*Work task*. Return the lines of the material below exactly, beginning with the line that has "Piscine de Cambo les Bains" in it and finishing with the line that has "1250 N 25th St #A — Photo 11" in it. Leave all pictures aside.

----

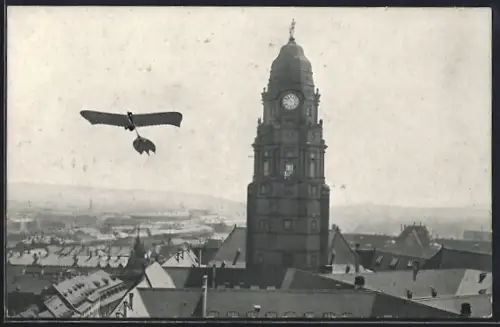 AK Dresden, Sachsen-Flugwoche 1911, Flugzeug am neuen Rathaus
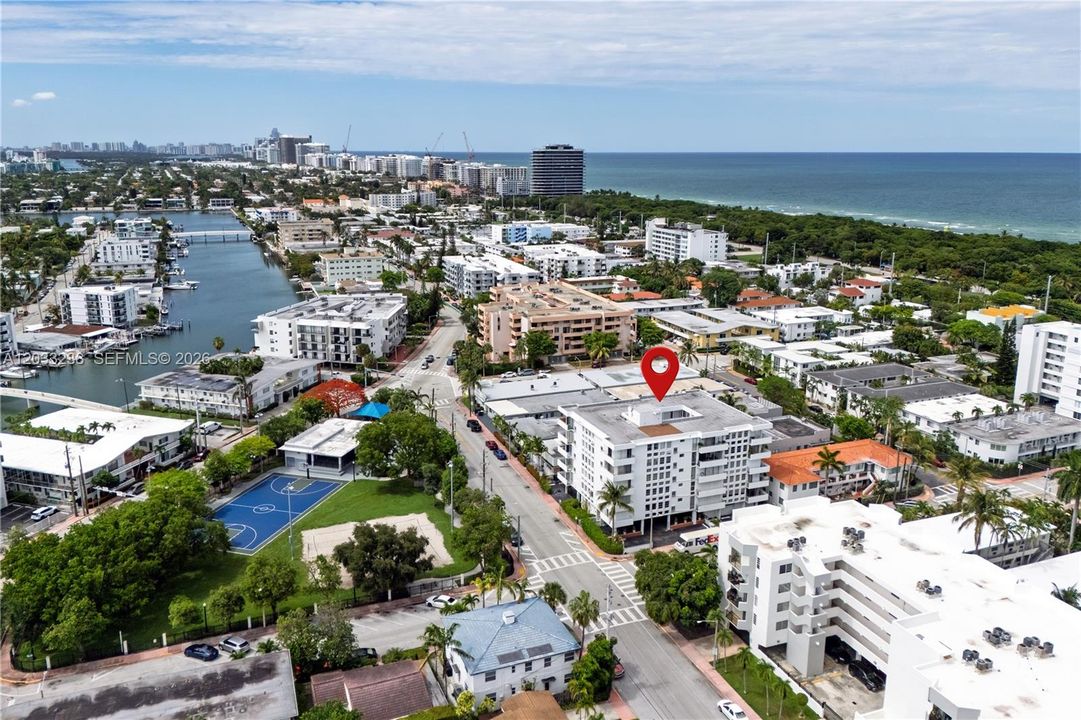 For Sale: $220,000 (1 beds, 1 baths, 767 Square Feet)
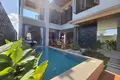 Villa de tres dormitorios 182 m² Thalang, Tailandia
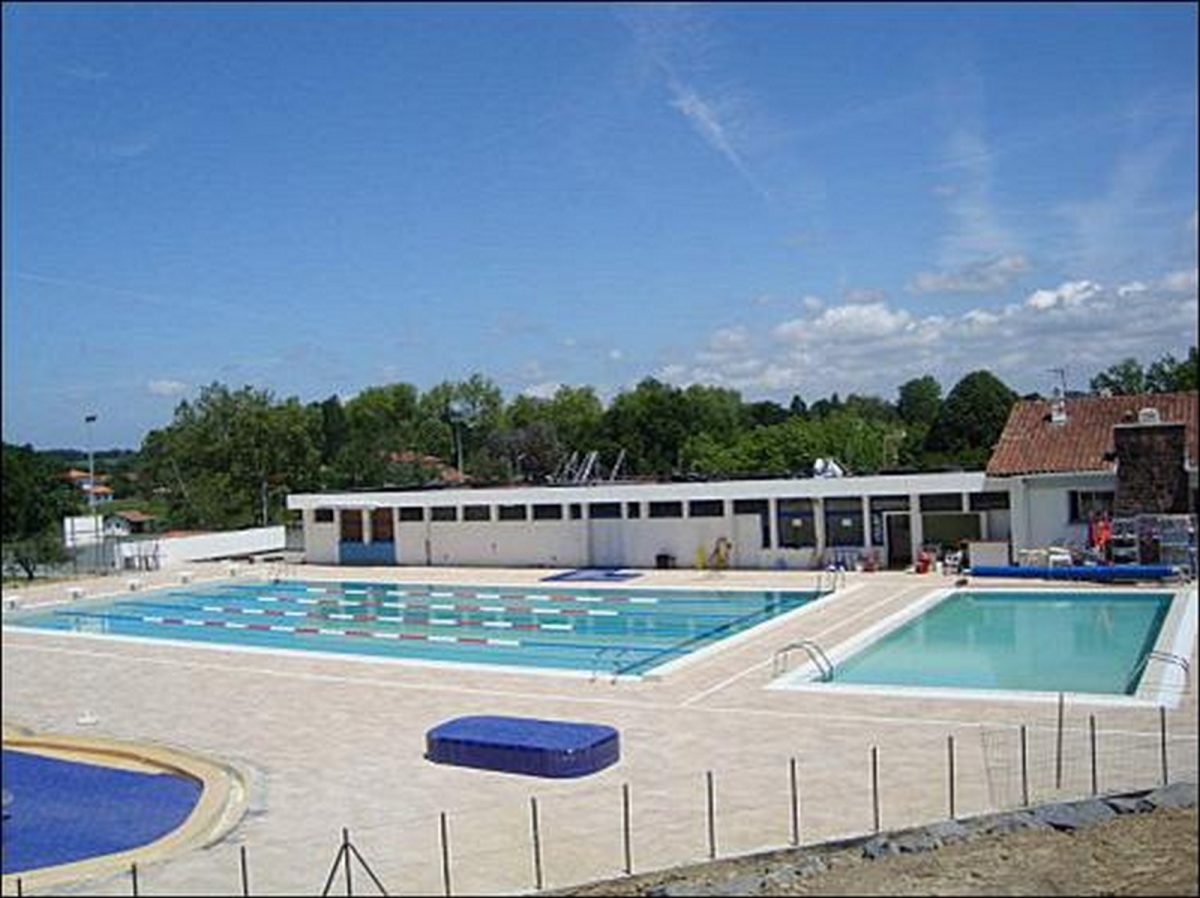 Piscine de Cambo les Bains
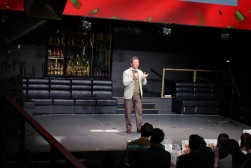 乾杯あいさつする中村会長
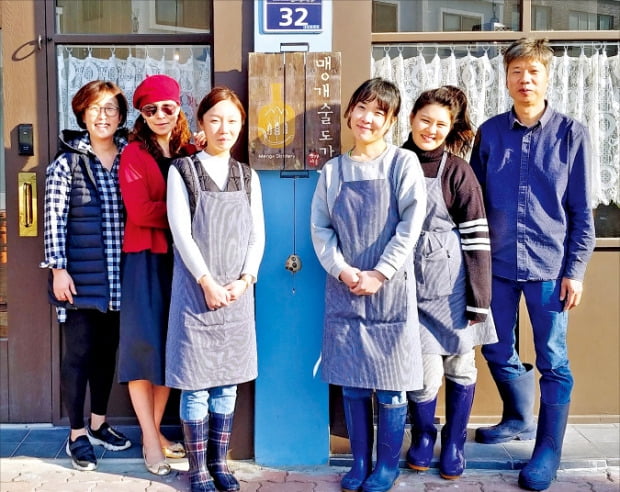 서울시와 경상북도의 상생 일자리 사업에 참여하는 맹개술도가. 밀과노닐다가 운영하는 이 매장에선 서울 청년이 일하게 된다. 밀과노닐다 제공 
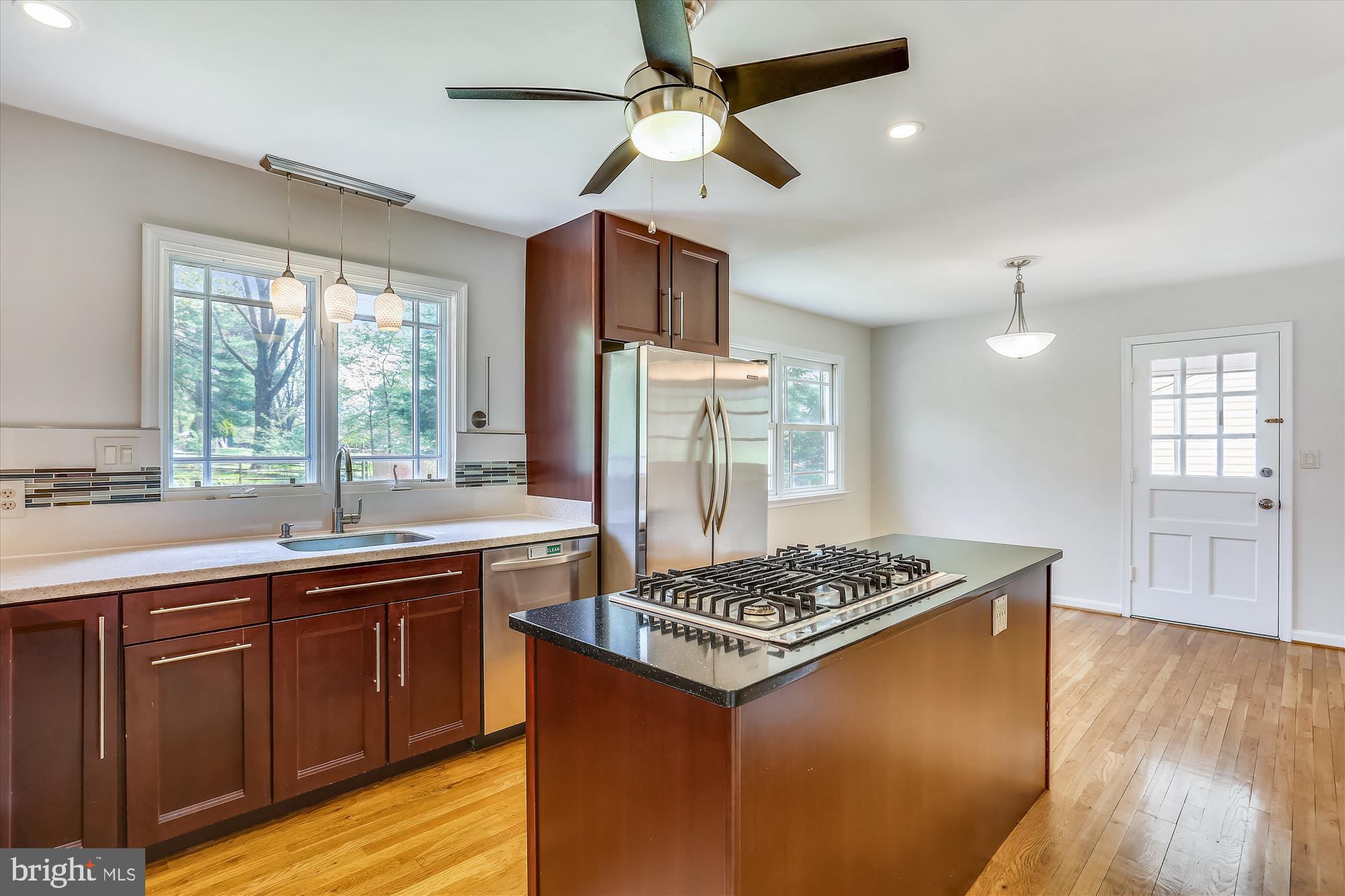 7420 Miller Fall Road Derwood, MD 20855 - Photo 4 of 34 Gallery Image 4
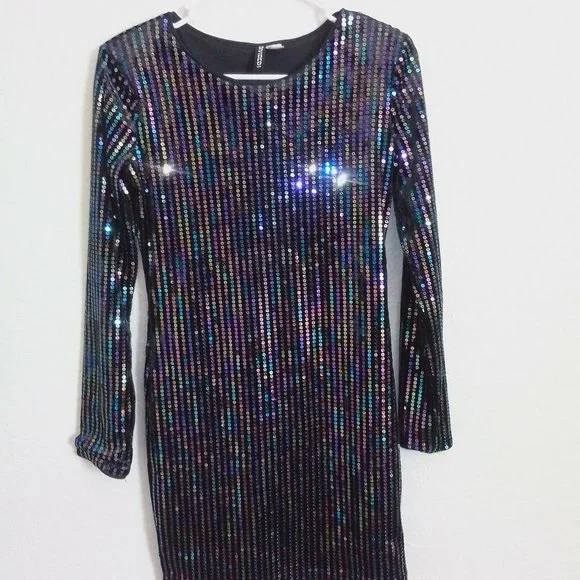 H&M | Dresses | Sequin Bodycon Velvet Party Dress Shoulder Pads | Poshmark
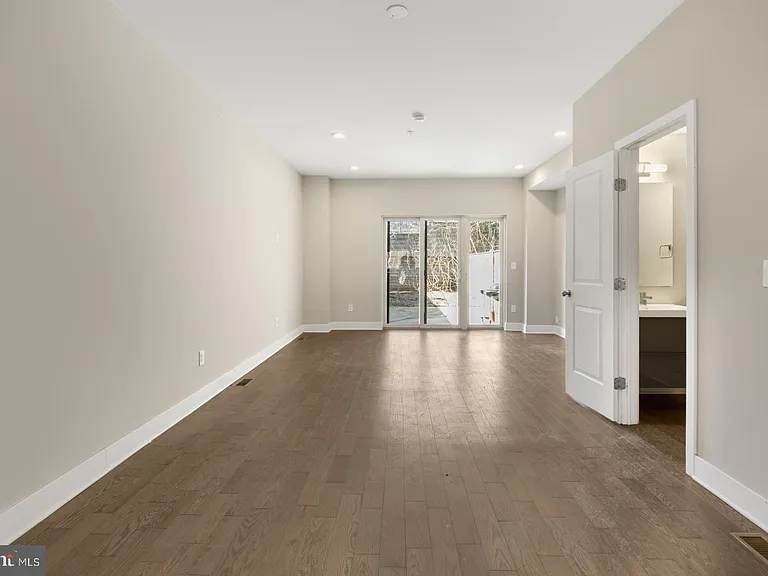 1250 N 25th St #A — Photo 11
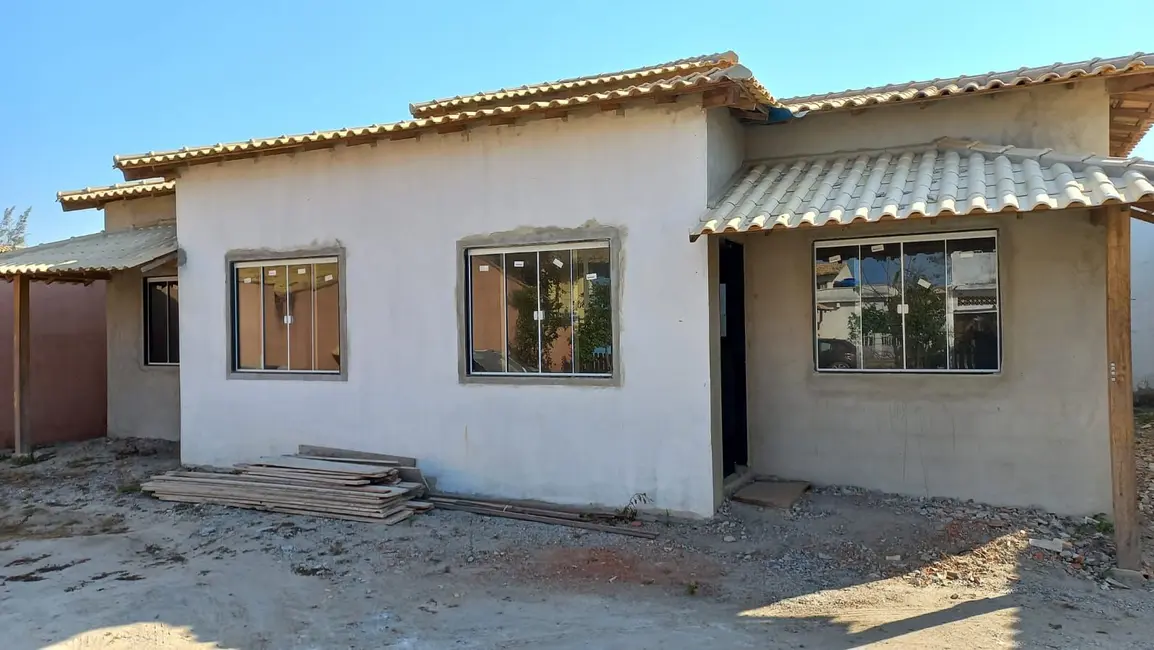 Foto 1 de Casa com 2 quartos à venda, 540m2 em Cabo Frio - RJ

----

*Solved problem*.
 Piscine de Cambo les Bains
 乾杯あいさつする中村会長
 서울시와 경상북도의 상생 일자리 사업에 참여하는 맹개술도가. 밀과노닐다가 운영하는 이 매장에선 서울 청년이 일하게 된다. 밀과노닐다 제공 
 7420 Miller Fall Road Derwood, MD 20855 - Photo 4 of 34 Gallery Image 4
 H&M | Dresses | Sequin Bodycon Velvet Party Dress Shoulder Pads | Poshmark
 1250 N 25th St #A — Photo 11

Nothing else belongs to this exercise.